The Denver Broncos offense may have a specific Sean Payton wrinkle worth watching in 2026.
ESPN analyst Matt Bowen named the Broncos as his “team to watch” in 22 personnel, a package featuring two running backs, two tight ends and one wide receiver. Bowen pointed to Payton’s ability to use fullback Adam Prentice in traditional power looks, while also shifting him into formations that resemble 13 personnel. Most importantly for Denver, Bowen noted that quarterback Bo Nix averaged 7.7 yards per attempt on passes out of 22 personnel in 2025.
That is the part that should matter most to Broncos fans.
This is not just about going bigger to run the ball. For Payton, 22 personnel can be a way to make defenses declare their intentions before the snap, simplify the picture for Nix and create more efficient throws without taking Denver out of a physical identity.
Sean Payton Can Use 22 Personnel to Help Bo Nix
On paper, 22 personnel sounds old school. Two backs. Two tight ends. One receiver. Heavy bodies. Condensed formations. Short-yardage football.
But Payton’s best offenses have rarely been that simple. The value is in what defenses have to do against it.
If opponents answer with base personnel, Denver can spread the formation and look for favorable matchups in the passing game. If defenses stay lighter, the Broncos can lean into the run game and force smaller defensive backs to handle bigger bodies at the point of attack.
That is where Nix fits into the bigger picture. Denver does not need every explosive play to come from a pure spread look. The Broncos can create shot plays and intermediate throws from formations that initially look like run-heavy packages.

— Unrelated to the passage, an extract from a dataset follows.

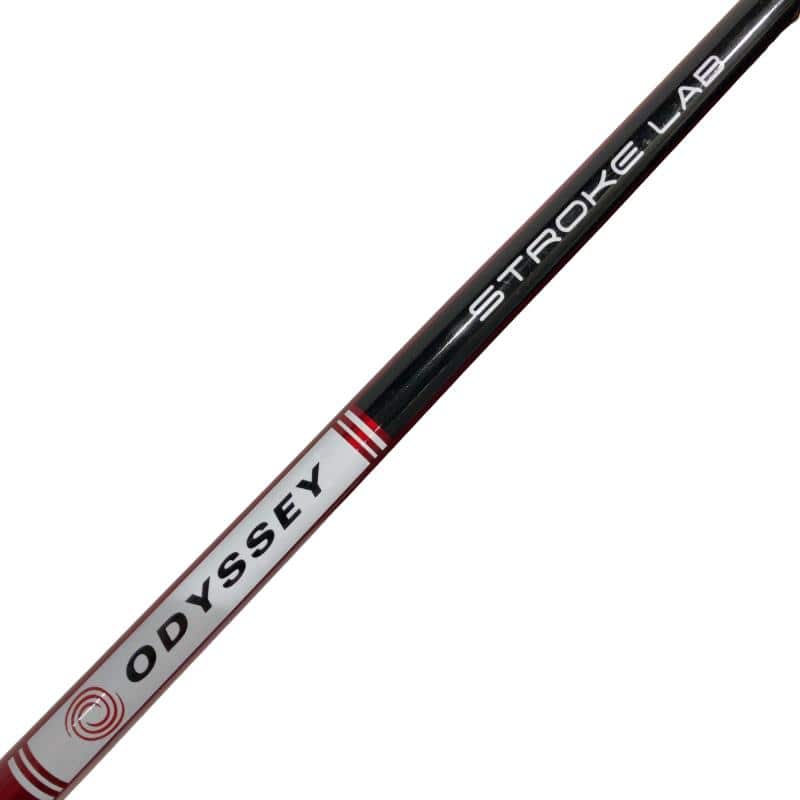 �v�g�h�s�d�@�g�n�s�@�n�f�@���V�@�b�g�@�R�S�C���`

Bowen’s ESPN analysis framed 22 personnel as a package that can still be used for downhill runs, but also as a matchup tool when tight ends and move players flex away from the formation. That is exactly the kind of detail that makes this more than a niche offseason note for Denver.
For Nix, the benefit is simple: cleaner reads, defined coverages and throws tied to run action.
Adam Prentice Gives Broncos a Useful Formation Piece
Prentice is the player who makes this especially interesting.
Prentice’s role had already grown late in the 2025 season. The Broncos’ official site noted in December that Prentice had played at least 10 offensive snaps in six straight games, including a season-high 30 snaps in a Week 14 win over the Raiders.
That matters because a true fullback gives Payton answers without substituting.
Prentice can line up in the backfield and lead on downhill runs. He can move across the formation. He can help Denver shift from a two-back look into something that functions more like a three-tight-end package. That forces defenses to adjust on the fly rather than simply matching personnel from the sideline.
For a Payton offense, that kind of flexibility is the point. It is not about becoming predictable. It is about making the same group of players look different from snap to snap.
Broncos’ Bigger Offensive Question Is Efficiency
The Broncos’ passing game does not need 22 personnel to become its entire identity. Denver will still have to win from 11 personnel, create explosive plays from spread looks and keep Nix comfortable in obvious passing situations.
But this package could become one of the ways Payton builds a more efficient offense around his quarterback.
Nix is also expected to be ready for training camp. Payton said in May that Nix was “doing great” in his recovery and would be “full speed” by training camp, according to the Broncos’ official site. That gives Denver a full summer to sharpen the timing and disguise that these heavier packages require.
The Broncos’ 2026 offense will ultimately be judged by production, not formation variety. Still, ESPN’s note is a useful clue about where Denver could find an edge.
If Payton can use 22 personnel to protect Nix, run the ball with more authority and manufacture favorable throws, the Broncos may have a package that does more than help in short yardage.
It could become one of the clearest signs of how Payton wants this offense to grow around Nix.